First of all, whether it’s true or not, Henry makes Johnny’s mother sound like the most awful person in his life. He went into details of how generous Johnny would be with making sure his parents had everything they could’ve ever wanted and his mother never seemed to be impressed or cared in the slightest. How she was a cold and emotionless woman and she’s ultimately the reason that Carson himself had such issues with commitment and women and most of his personal relationships. And I don’t know… but hearing that story from Carson would be one thing, but to have it be told secondhand from a person who Johnny ultimately fired seems… wrong. He wrote this book long after Johnny had died and that only makes things worse in my mind, like he didn’t even have the guts to write it while he was still here because Carson definitely would’ve been against such a breach of privacy.

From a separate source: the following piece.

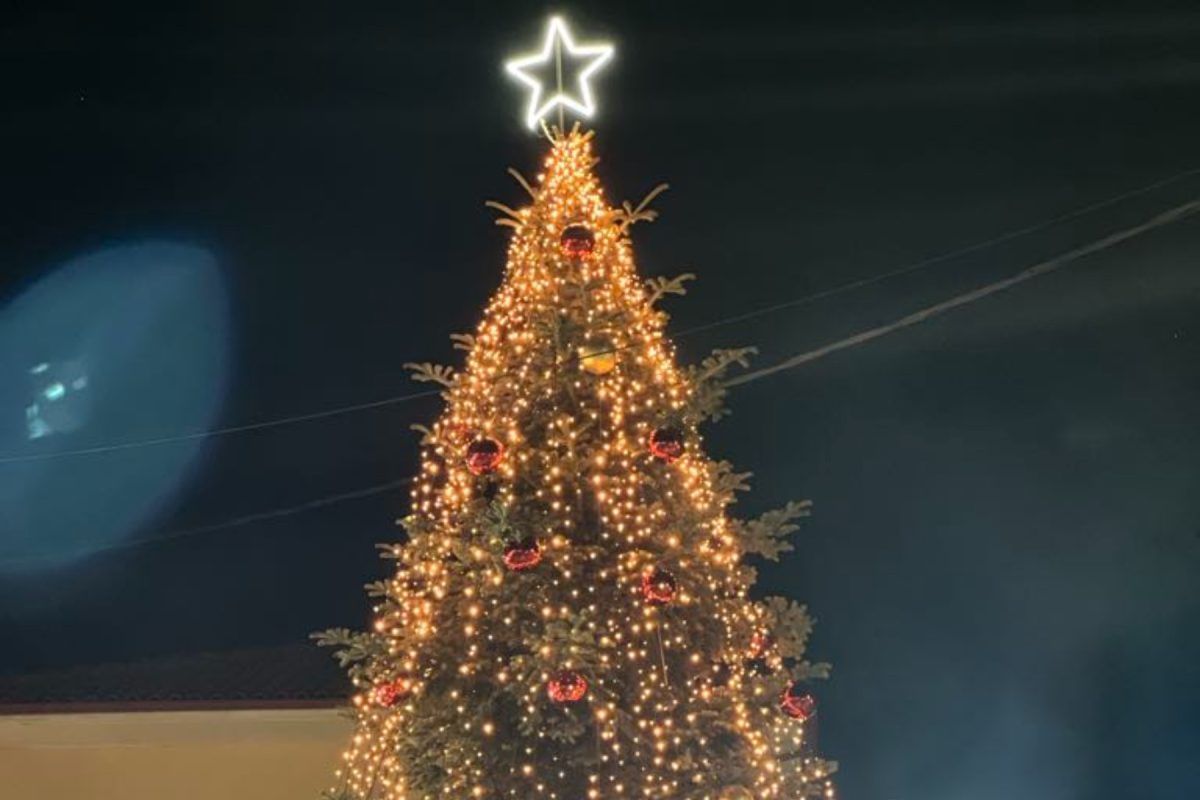 Φωταγωγήθηκε το πρώτο Χριστουγεννιάτικο δέντρο στην Ελλάδα (βίντεο)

It’s wildly known that Johnny cheated on his wives and though Bushkin (also a married man) goes in great detail about many of those times, he slips in his own infidelity in this one sentence: “I had many adventures in Vegas and on the road that did nothing to reinforce marital bonds.” UUUUUGGGGGGHHHHH. Yes, he’s trash for cheating on his wife, but he’s even scummier for phrasing it so lightly like that.
Maybe I’m being naive about this, but I had no idea about Carson’s huge ego (again, this is coming from the mouth of Bushkin). It makes sense that he had one being worth millions and having so much power, but it’s so disheartening to read some of the stories about him being such a complete asshole. Why did I read this book?!

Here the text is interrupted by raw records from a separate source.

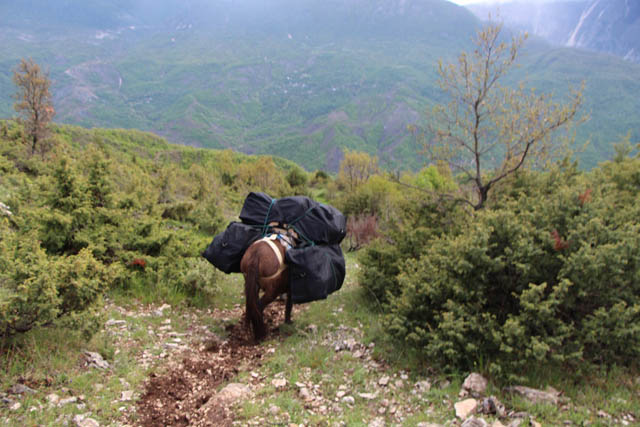 droge-cante-gjirokaster-hashash-mushke-kale-duke-transportuar-nga-Lazarati-2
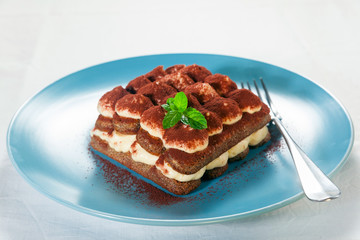 Tiramisu, traditional Italian dessert on a plate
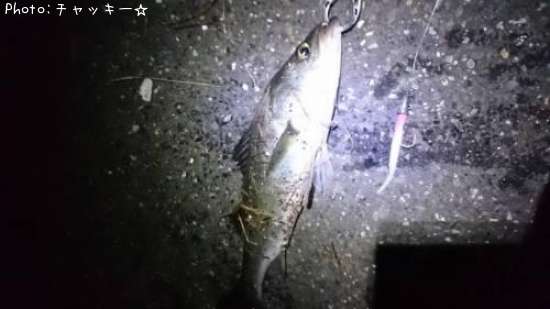 �����Х�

The fact that Carson would cheat on his wife with the reasoning of “out of sight out of mind” is so gross and I hate that I heard it.
He quotes from Susan Forward’s book Toxic Parents that says, “All of us develop our expectations about how people will treat us based on our relationships with our parents. If those relationships are, for the most part, emotionally nourishing, respectful of our rights and feelings, we’ll grow up expecting others to treat us in much the same way… But if childhood is a time of unrelenting anxiety, tension, and pain, then we develop negative expectations and rigid defense.” And while this is so insightful and true, I can’t help but think that Carson (or the way that Bushkin made him appear in this book) made no attempt to ever move past the way that he was treated by his mother. He blamed her for it his entire life.

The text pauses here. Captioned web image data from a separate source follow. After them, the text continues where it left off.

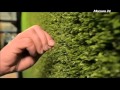 Как производится искусственная трава в компании "Оптилон"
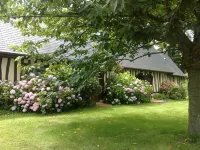 Longère en Pays de Caux the discreet charm of Normandy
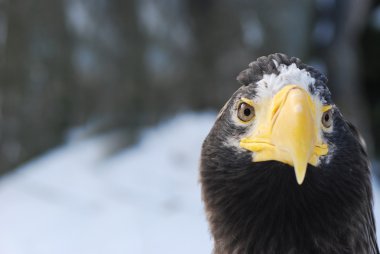 Bir kartal portresi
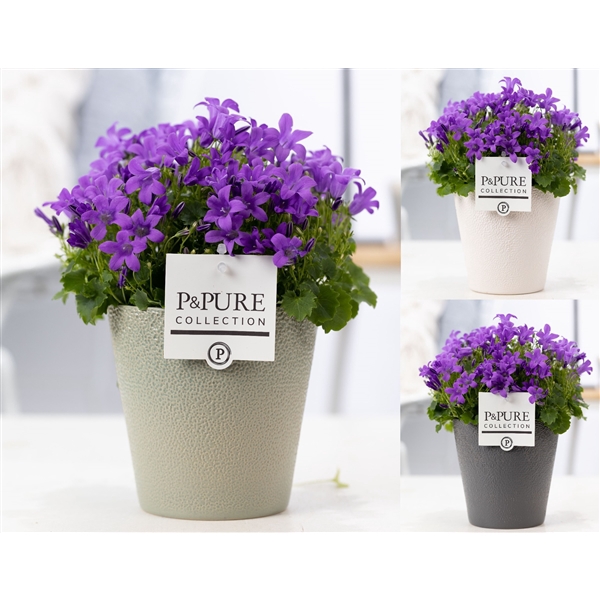 <h4>Campanula Porto LL Pure Ruby</h4>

I wish this book wasn’t written. Not because it paints Carson in such an unfavorable light (and it’s not entirely about what an awful person he was, there are many stories of him being generous and giving), but because he didn’t have anything to do with writing it. It’s unfair. Someone else can’t write your memoir for you. I know that’s it’s seen as an unofficial biography, but Bushkin was close friends with the man at one point and it reads more intimate than a regular biography. He attempted to write his memoir for him and that’s just wrong. Don’t read it. I wish I hadn’t.